Although, as forecast, cases of disease due to liver fluke have remained relatively low so far this winter, there are reports of both acute and chronic disease in some areas of the UK. This means livestock farmers must not drop their guard, warn experts in the Sustainable Control of Parasites in Sheep (SCOPS) and Control of Cattle Parasites Sustainably (COWS) groups.

Philip Skuce of Moredun sits on both groups. He says: “Testing is critical to make sure farmers don’t treat too soon, or unnecessarily, or get caught out and miss a vital treatment. The cold snap in December will not have killed off all the liver fluke on pasture, so animals could still be picking up infection that could go on to cause disease. Livestock farmers must continue to test if they are to ensure any treatment is both necessary and given at the right time and with the most appropriate product.” Now is a good time for housed cattle to be tested for fluke, using a composite dung test to check for fluke eggs. If cattle are positive, choosing a treatment that targets adult fluke and avoiding products containing triclabendazole, will reduce resistance selection pressures on the parasite.  Reducing eggs going onto pasture in the spring can help reduce challenge this coming autumn.

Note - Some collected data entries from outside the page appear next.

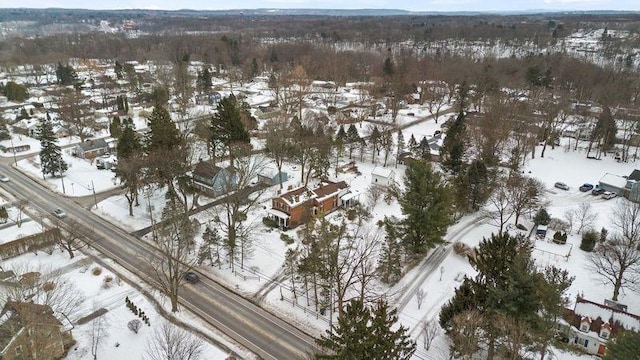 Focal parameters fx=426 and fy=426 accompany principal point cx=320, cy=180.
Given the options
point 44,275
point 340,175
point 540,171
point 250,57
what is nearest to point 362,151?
point 340,175

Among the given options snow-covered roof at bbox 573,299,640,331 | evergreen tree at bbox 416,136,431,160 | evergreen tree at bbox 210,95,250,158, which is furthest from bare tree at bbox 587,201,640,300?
evergreen tree at bbox 210,95,250,158

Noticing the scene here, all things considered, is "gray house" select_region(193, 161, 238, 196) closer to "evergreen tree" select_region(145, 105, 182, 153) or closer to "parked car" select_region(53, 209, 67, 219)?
"evergreen tree" select_region(145, 105, 182, 153)

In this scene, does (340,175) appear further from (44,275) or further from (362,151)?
(44,275)

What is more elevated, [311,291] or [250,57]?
[250,57]

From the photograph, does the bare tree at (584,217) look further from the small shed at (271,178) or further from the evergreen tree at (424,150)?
the small shed at (271,178)

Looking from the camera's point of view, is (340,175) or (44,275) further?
(340,175)

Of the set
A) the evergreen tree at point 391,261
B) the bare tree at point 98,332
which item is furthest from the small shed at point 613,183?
the bare tree at point 98,332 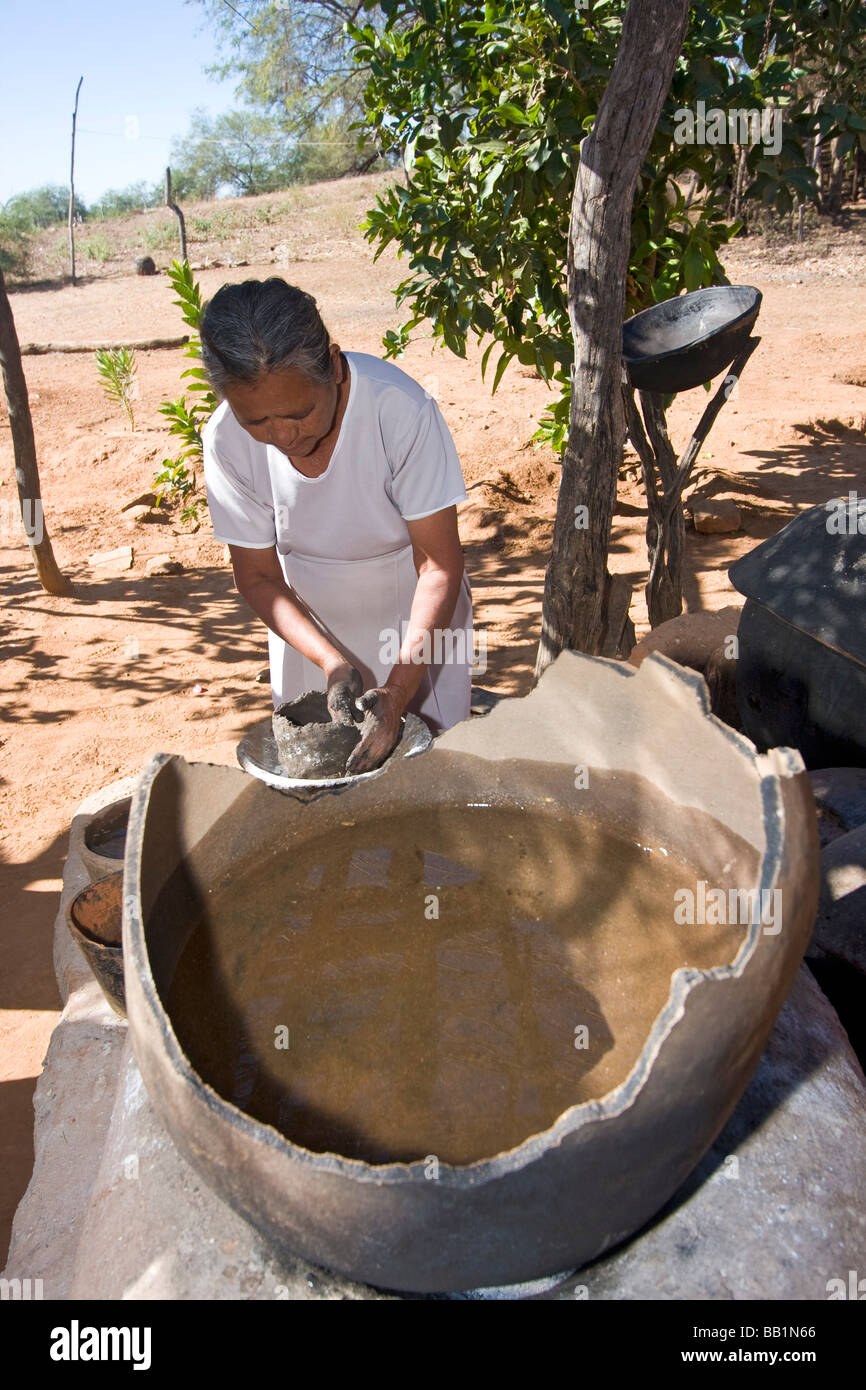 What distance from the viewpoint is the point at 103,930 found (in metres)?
1.96

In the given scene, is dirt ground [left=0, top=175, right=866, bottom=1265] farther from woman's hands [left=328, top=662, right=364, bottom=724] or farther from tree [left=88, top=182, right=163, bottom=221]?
Result: tree [left=88, top=182, right=163, bottom=221]

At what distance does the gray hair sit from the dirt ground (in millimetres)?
2025

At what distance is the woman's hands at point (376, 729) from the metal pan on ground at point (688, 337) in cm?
169

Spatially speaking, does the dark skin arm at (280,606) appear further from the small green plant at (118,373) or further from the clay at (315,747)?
the small green plant at (118,373)

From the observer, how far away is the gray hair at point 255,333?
6.12 ft

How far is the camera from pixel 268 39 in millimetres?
22297

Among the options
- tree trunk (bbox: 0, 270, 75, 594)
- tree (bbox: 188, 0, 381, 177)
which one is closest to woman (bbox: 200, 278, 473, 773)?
tree trunk (bbox: 0, 270, 75, 594)

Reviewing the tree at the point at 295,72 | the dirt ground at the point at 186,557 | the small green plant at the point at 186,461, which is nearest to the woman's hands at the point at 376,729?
the dirt ground at the point at 186,557

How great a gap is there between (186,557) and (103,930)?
485 cm

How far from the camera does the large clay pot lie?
940 mm

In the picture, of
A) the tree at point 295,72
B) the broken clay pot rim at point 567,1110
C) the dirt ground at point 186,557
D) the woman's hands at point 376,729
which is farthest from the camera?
the tree at point 295,72

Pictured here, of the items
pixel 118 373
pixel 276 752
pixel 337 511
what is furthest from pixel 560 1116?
pixel 118 373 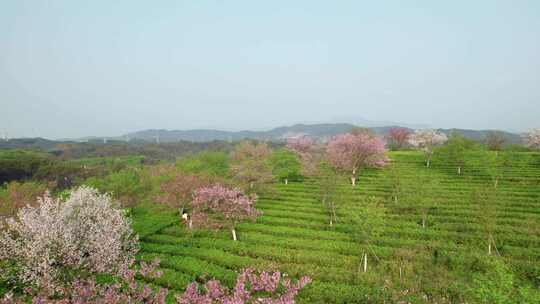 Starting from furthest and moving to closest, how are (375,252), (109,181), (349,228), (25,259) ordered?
1. (109,181)
2. (349,228)
3. (375,252)
4. (25,259)

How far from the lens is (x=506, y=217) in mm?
31281

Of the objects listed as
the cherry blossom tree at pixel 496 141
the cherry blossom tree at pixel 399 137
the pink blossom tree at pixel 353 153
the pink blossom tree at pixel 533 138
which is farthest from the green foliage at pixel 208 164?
the pink blossom tree at pixel 533 138

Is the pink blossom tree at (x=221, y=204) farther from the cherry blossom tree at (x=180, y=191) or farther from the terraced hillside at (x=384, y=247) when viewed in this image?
the cherry blossom tree at (x=180, y=191)

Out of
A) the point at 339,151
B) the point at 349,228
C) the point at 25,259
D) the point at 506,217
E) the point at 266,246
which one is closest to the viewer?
the point at 25,259

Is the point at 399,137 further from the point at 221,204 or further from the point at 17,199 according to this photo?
the point at 17,199

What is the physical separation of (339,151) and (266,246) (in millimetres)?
30808

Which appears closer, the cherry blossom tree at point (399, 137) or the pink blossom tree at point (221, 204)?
the pink blossom tree at point (221, 204)

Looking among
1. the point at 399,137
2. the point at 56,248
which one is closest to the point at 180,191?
the point at 56,248

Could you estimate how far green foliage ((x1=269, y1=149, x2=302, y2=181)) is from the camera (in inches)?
2098

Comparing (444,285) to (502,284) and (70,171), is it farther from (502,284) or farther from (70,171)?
(70,171)

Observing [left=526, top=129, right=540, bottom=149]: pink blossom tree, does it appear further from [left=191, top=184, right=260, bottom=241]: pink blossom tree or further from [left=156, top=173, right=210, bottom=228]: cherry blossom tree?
[left=156, top=173, right=210, bottom=228]: cherry blossom tree

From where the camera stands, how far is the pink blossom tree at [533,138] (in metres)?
69.9

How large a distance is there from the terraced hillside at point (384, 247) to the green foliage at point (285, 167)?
14436 mm

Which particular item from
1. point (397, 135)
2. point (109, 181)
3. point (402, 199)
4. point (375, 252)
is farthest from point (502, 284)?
point (397, 135) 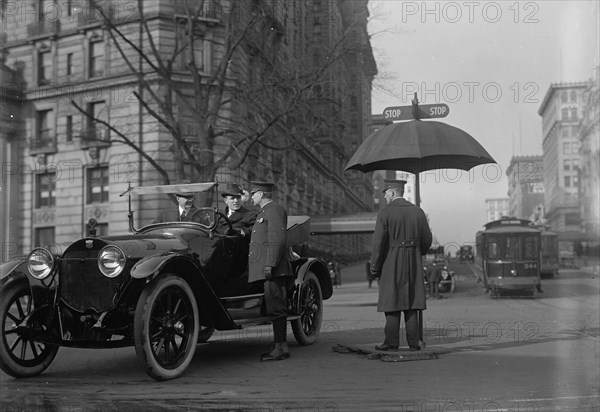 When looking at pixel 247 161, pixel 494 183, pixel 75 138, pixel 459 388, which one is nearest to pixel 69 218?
pixel 75 138

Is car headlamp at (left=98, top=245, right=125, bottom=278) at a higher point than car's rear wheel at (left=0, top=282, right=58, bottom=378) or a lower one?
higher

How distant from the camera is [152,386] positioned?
518 centimetres

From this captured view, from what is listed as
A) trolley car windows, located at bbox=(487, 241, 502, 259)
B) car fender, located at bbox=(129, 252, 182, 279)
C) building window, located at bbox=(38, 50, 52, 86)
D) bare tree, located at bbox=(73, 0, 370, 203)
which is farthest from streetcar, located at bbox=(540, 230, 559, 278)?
car fender, located at bbox=(129, 252, 182, 279)

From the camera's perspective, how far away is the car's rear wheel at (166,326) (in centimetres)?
518

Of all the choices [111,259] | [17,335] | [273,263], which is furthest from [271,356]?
[17,335]

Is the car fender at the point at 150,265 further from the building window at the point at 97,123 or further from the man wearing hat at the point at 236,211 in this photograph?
the building window at the point at 97,123

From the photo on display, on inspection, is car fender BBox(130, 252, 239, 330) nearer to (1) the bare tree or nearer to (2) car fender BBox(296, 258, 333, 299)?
(2) car fender BBox(296, 258, 333, 299)

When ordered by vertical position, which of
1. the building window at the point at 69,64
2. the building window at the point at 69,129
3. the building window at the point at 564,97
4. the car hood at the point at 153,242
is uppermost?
the building window at the point at 69,64

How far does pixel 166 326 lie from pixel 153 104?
17.3 metres

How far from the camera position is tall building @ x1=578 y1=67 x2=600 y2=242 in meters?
7.02

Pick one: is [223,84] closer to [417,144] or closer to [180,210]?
[180,210]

  • Ewe lambs or retained store lambs can still be blood tested to monitor liver fluke infection.
  • A negative test does not mean you can sit back and relax. Retest every 3-4 weeks.
  • Investigating unexpected deaths via a post-mortem remains a key means of establishing whether or not liver fluke is present in the flock/herd.
  • If you have already treated for liver fluke but the animals remained at grass, they are at risk of reinfection. Make sure you test using faecal samples.
  • Now is a good time to test housed beef cattle (once they have been inside for 10-12 weeks),  before they go back out onto pasture. Check for eggs in dung or use a coproantigen test.
  • Faecal testing for liver fluke eggs only detects the presence of adult fluke, not immatures, so you may need to re-sample.
  • Abattoir feedback is a really valuable source of information with regard to liver fluke infection.
  • Talk to your vet or adviser to discuss whether any treatment is necessary and which product (active) to use.